## ACTIVITY
Here the job is to transcribe the data exactly while omitting the images.

## Brief descriptive captions
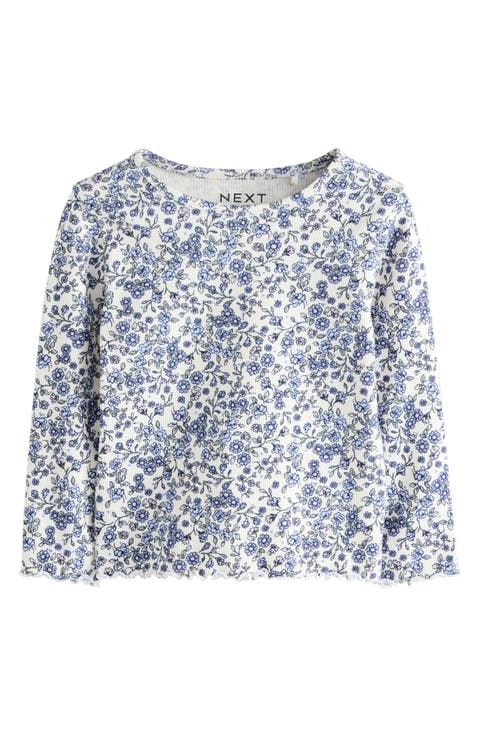 Kids' Ditsy Floral Long Sleeve Rib Top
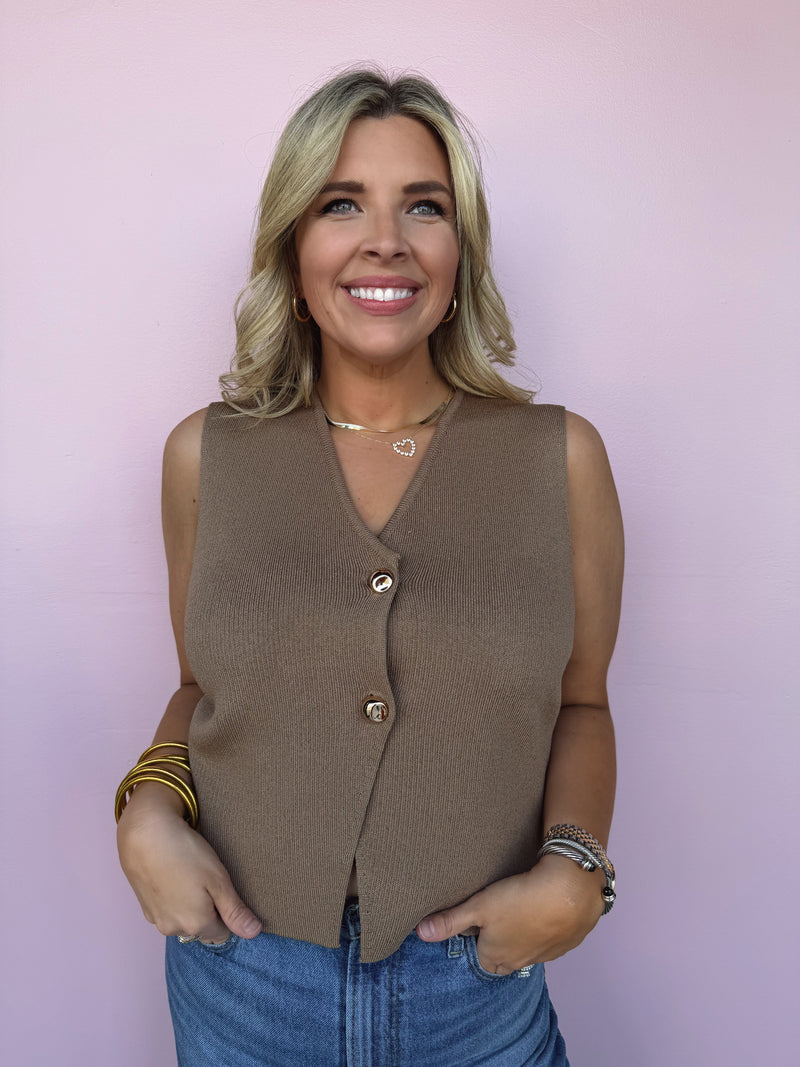 Golden Hour Knit Vest Top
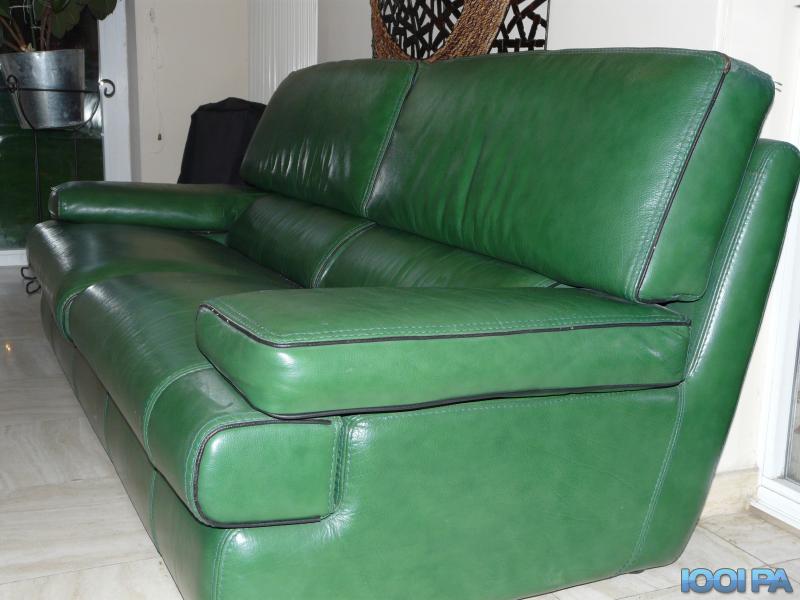 canapé cuir vert 3 places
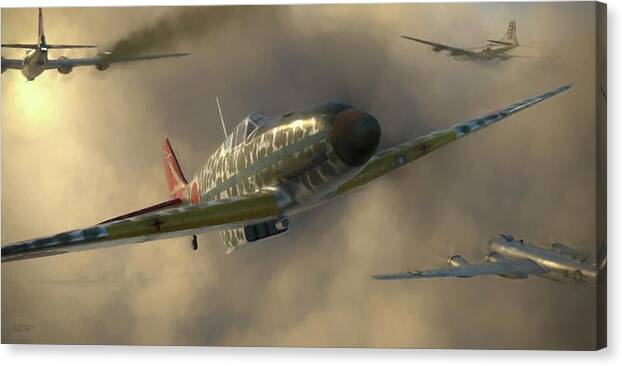 Wwii Canvas Print featuring the digital art Kobayashi - Painterly by Robert Perry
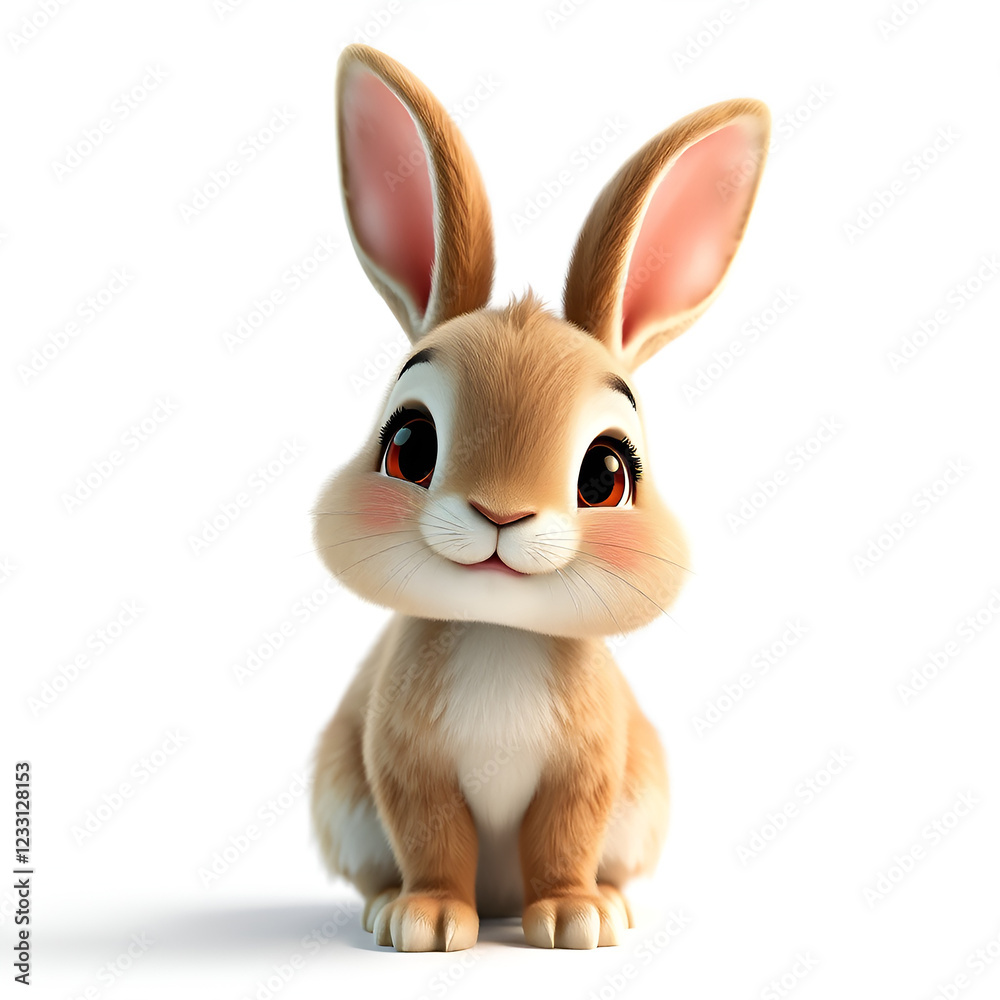 Fototapeta premium cartoon white rabbit isolated on white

## RESPONSE BOX
 Kids' Ditsy Floral Long Sleeve Rib Top
 Golden Hour Knit Vest Top
 canapé cuir vert 3 places
 Wwii Canvas Print featuring the digital art Kobayashi - Painterly by Robert Perry
 Fototapeta premium cartoon white rabbit isolated on white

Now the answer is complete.